Thursday, January 15, 2009

Book #3:

The Wave
Author: Todd Strasser (writing as Morton Rhue)

Man, oh man. I grabbed this out to read because, at work, I received a preview screener for a brand new film version of the story, only this time set in Germany. To see the originally American story (it's based on an incident at a Palo Alto school) that centres heavily on Nazi conditioning during World War II suddenly set in actual Germany -- well, that I had to see, and fast.

But I needed a new familiarity with the story. While the book is very much a work of young adult fiction, it's still quite heavy, and still full of adult themes and ideas. A rebellious teacher of the John Keating variety, Ben Ross, decides to try out an experiment with his class. The kids don't think a Holocaust-type event could ever occur in contemporary society because Hitler's brand of conditioning would never fly with a modern army. Ross subtley begin to run his class as if training soldiers and before he knows it, and before the kids know it, they're standing to attention when he says so, reading their homework every night in order to answer questions rapid-fire when called upon, and even saluting their fair teacher in the hallways. It's all part of the "Wave".

The experiment works a little too well, and problems begin to arise when the entire school becomes "Wave" mad. The kids want in, and those that don't find themselves in creepy trouble. Clearly, setting the same story in Germany is going to bring new and different, and difficult, themes to the fore. I am halfway through the movie at the moment, and already it's more complex than it's YA starting point.

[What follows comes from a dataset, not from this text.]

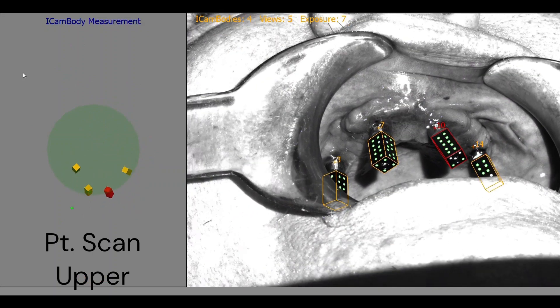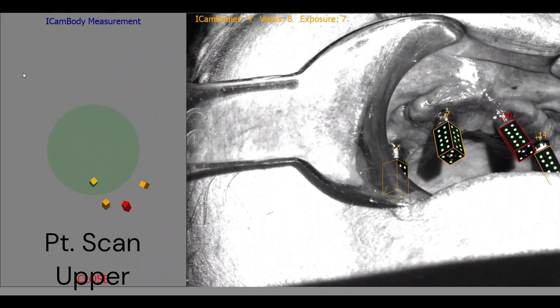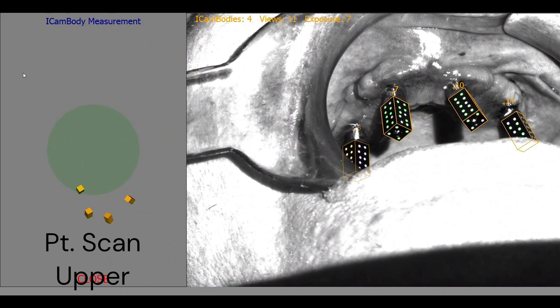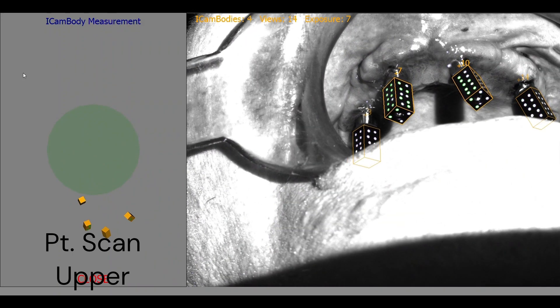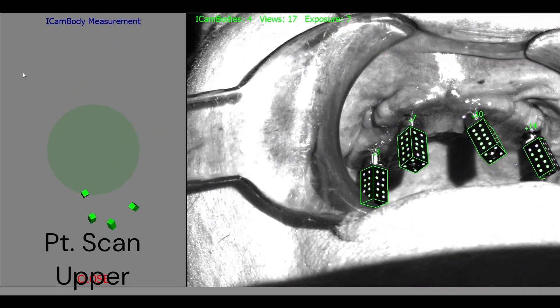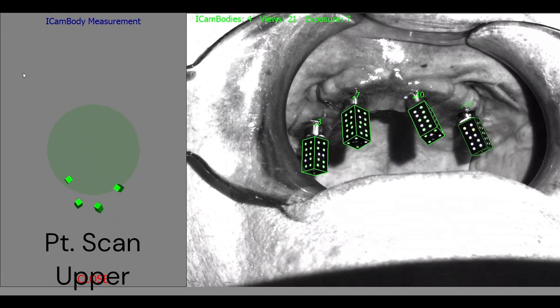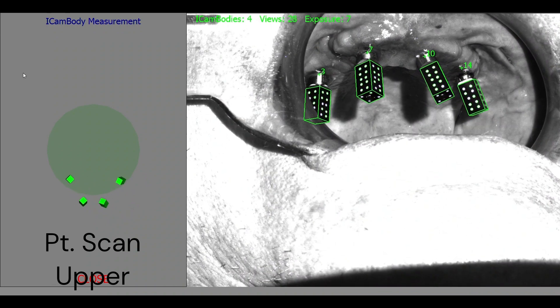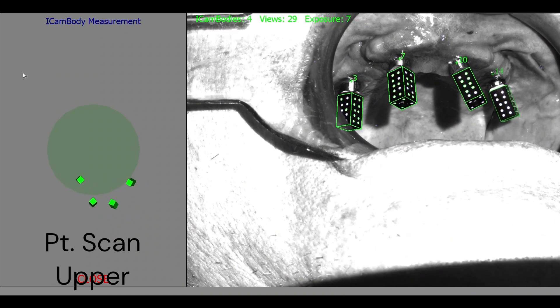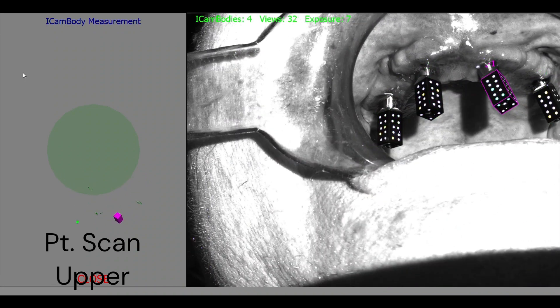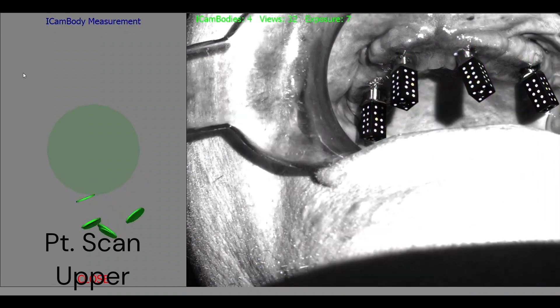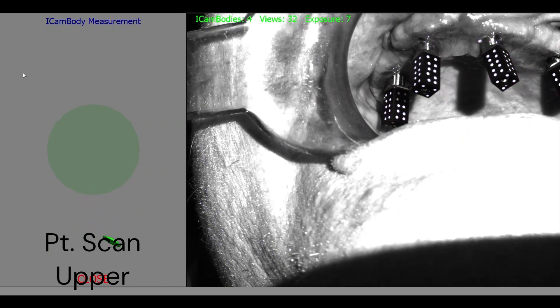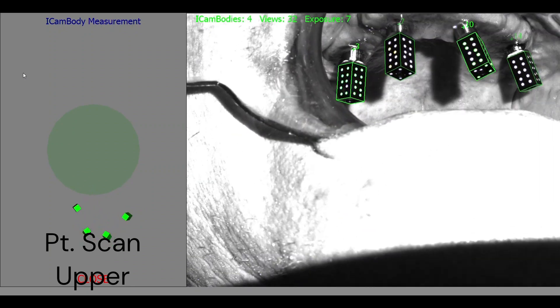Perfect. Those are the sounds we want to hear. Good, good. All right, 28, 30. Yep, looking great. A little bit further back.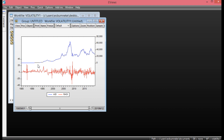Now we have our graph. This is the level form of the OSHA index as you can see, and this is the return form of the OSHA index. Looking at this graph, you can see there is evidence of volatility clustering — high volatility periods followed by periods of tranquility, then high volatility again followed by tranquility, and so on.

It's rather a tame book for the big themes it investigates. I thought the climax was a bit watery, and would have enjoyed Rhue taking the kids and their madness to the sorts of places Robert Cormier was never afraid to go. The end of The Chocolate War, for instance, is a hard read. This book isn't so much. You know Ross will win out, and that's fine, but how he gets there isn't nearly as confronting as it could be. But then it is based on fact, so if the depiction of the final moments of the "Wave" is as it happened, then I shouldn't really complain.